(WHAT IS BEING ASKED)
Nothing but the text should be carried over: reproduce all the data exactly and leave out every image.

(DATA BELOW)

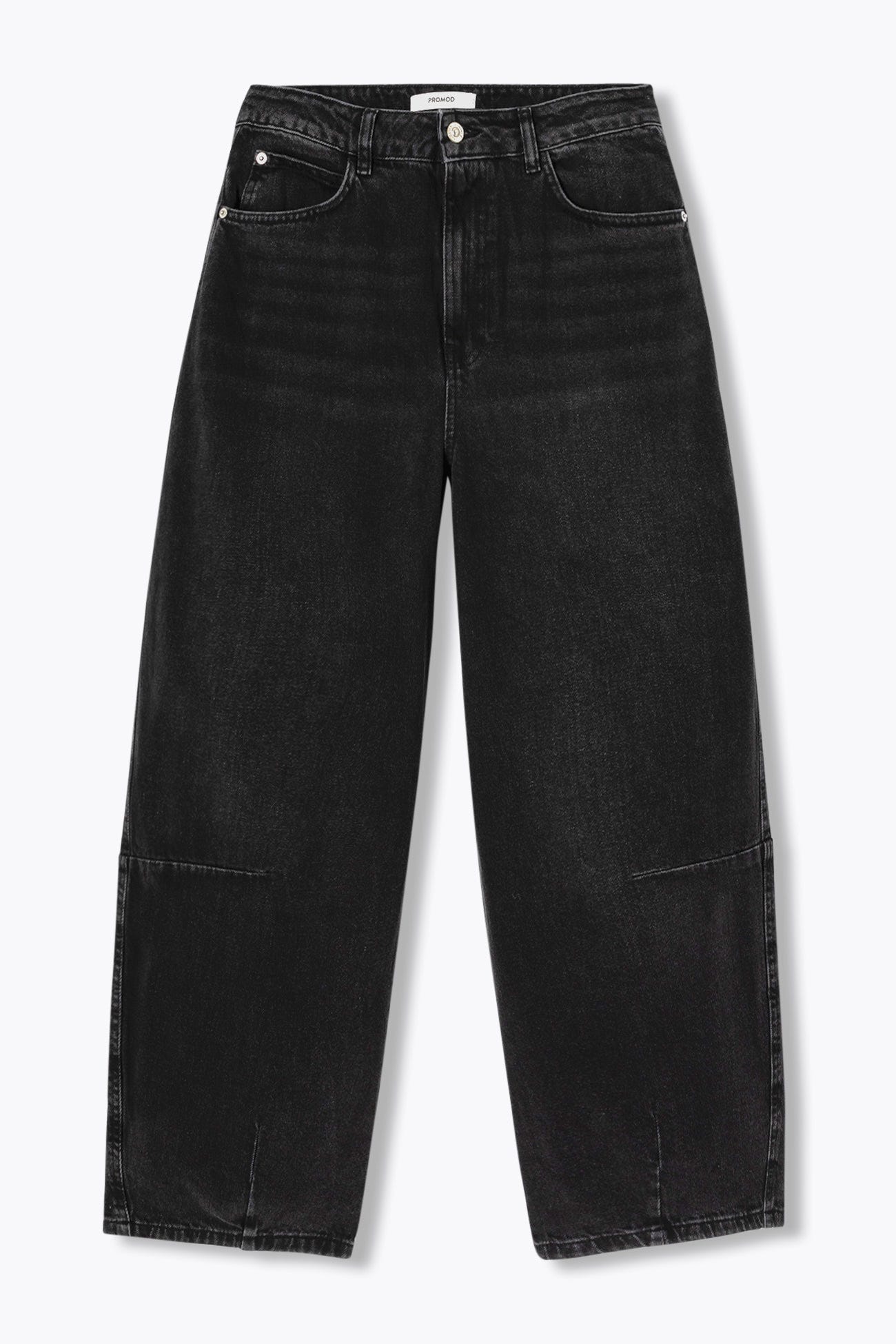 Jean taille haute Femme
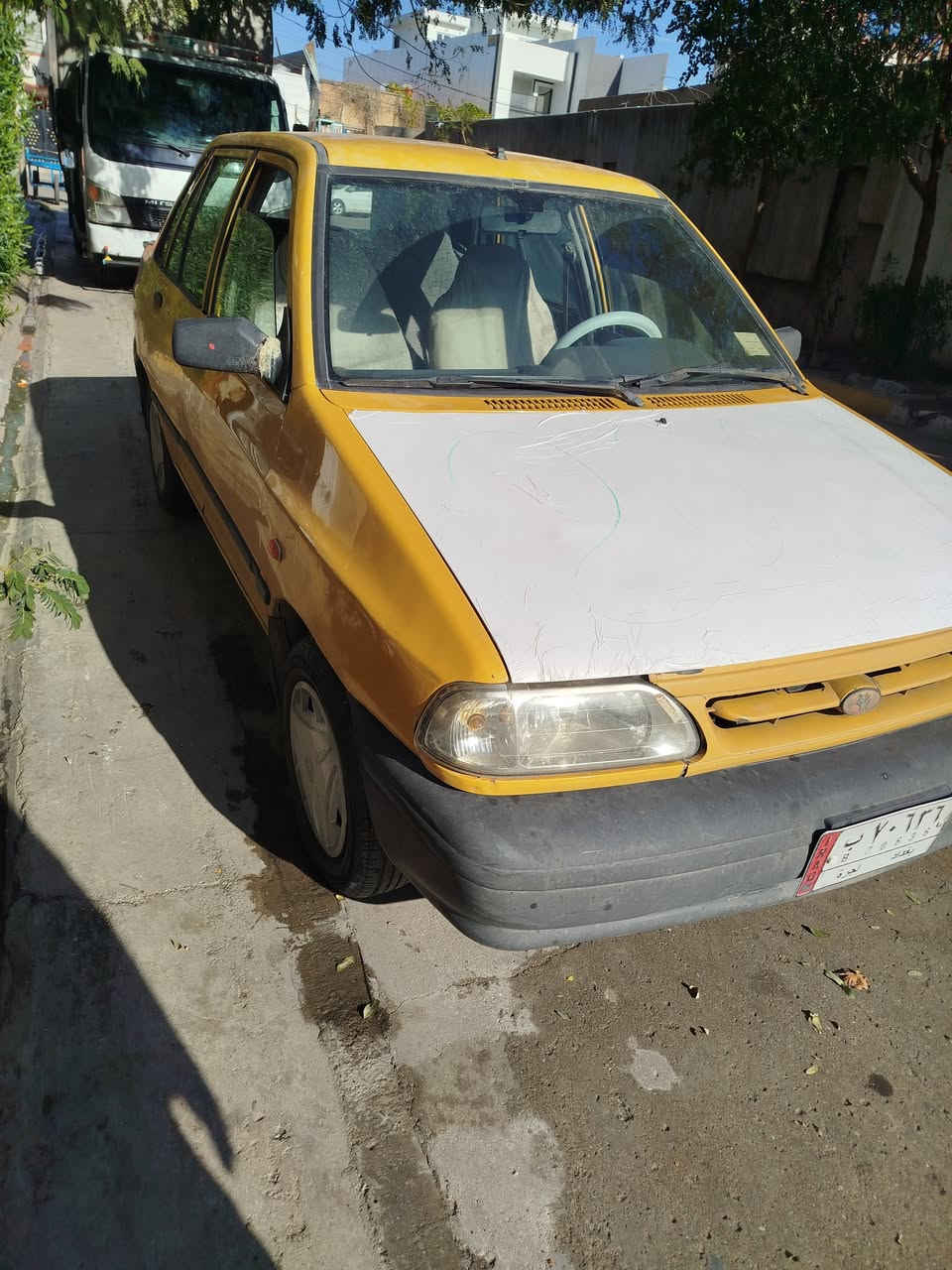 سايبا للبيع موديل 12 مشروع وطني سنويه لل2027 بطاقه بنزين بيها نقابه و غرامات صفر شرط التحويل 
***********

(RESPONSE BELOW)
 Jean taille haute Femme
 سايبا للبيع موديل 12 مشروع وطني سنويه لل2027 بطاقه بنزين بيها نقابه و غرامات صفر شرط التحويل 
***********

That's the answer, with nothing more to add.